UNSALVAGEABLE: Although she has the acting chops, the movie is poorly written and the story isn’t good enough for Henson’s skills to save.
By KIMBERLY GRANT
Special to South Florida Times
I’m all for supporting people of color; especially talented black women who light up the screen whenever they’re on it. What I’m having a hard time supporting is a bad movie happening to a good actress. It’s becoming more of a trend for black women to carry a successful film and I love that; but, we need good content.
In Proud Mary, Taraji P. Henson plays the titular character who is a hit-woman for a crime family in Boston; until she grows a conscious after a hit. Now, she’s shooting her way through crime families to protect a little boy named Danny (played by Jahi Di’Allo Winston). Danny is an orphan forced to work as a drug dealer for a ruthless man who repeatedly beats him.
Mary’s actions create drama between her, her boss Benny (Danny Glover) and his super sexy son Tom (Billy Brown). A turf war between Benny and a rival crime family headed by a man named Luka (Rade Serbedzija) ensues. At the heart of the story are Danny’s need for stability and a good parental figure; coupled with Mary’s need to right her wrongs. Sounds decent-ish.
Imagine the pitch: Henson as a maternal-craving hit woman. It has potential, but is incomplete. There’s not enough in the story written by screenwriters Steve Antin, John Stuart Newman and Christian Swegal to anchor the film.
Mary’s fight to be the mother figure that Danny needs is commendable and Danny’s obvious need to be loved makes a good subplot; but it falls into the holes created by the main plot.

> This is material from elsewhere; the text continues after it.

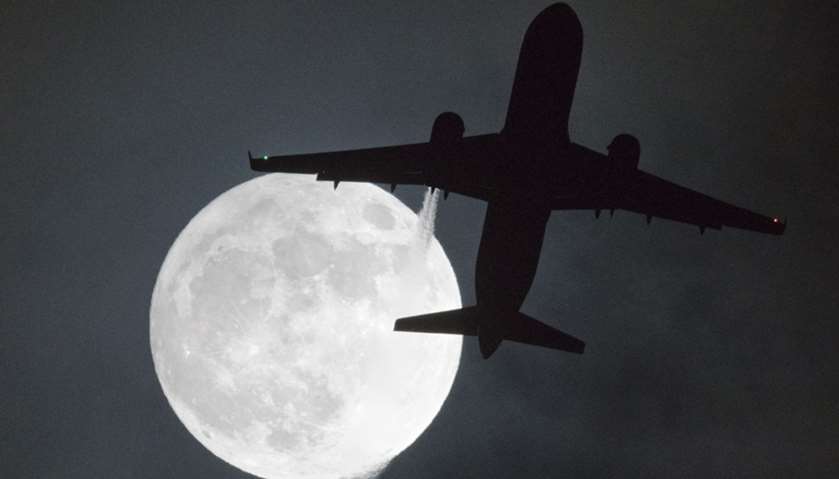 A plane flys in front of a \"super moon\" on its approach to London Heathrow Airport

Director Babak Najafi went for more sleek than gritty with Mary’s beautiful silver Maserati purring through scenes, her super swanky apartment with its trendy furniture and awesome closet, and all the chic leather jackets the characters wear. It’s visually stunning and pays homage to a beautiful side of Boston. Thankfully, Mary isn’t constantly in skimpy attire.
Cool elements aside, the story doesn’t work with its overplayed trying-to-get-out-of-the-game plot centered on a lackluster love story and a hitwoman with no true plan for escape. It’s a shame, because the acting talent is there with Danny Glover and Margaret Avery, who plays his wife, Mina. The missing backstory (or parts that ended up on the editing floor); however, are key to making this film stick. There’s not enough in the beginning for the relationships to make sense and shore up the movie.
Weak plot aside, Henson, who also executive produced the film, is awesome. She’s literally and figuratively kicking a** and working it off to bring the magic and energy needed for this film not to be a total bore. Henson would have benefitted from a better story.
On to marketing. It’s disappointing to see how little effort was put into advertising this film. It’s almost as if there was a subplot for the film to fail to bring box office dollars. I hate to think that way, but it’s possible. You have a film about a black hitwoman who is pretty good at her job and not in need of a man to complete her life.
Nevertheless, Proud Mary, which seems based on the popular Tina Turner song of the same name, is still worth a watch because, even though there’s a lot of room for improvement, it could’ve been much worse. Also, be sure to pay for a ticket instead of downloading the movie, since the better it does at the box office, the better our chances to see more hopefully better written – films with women of color in lead roles.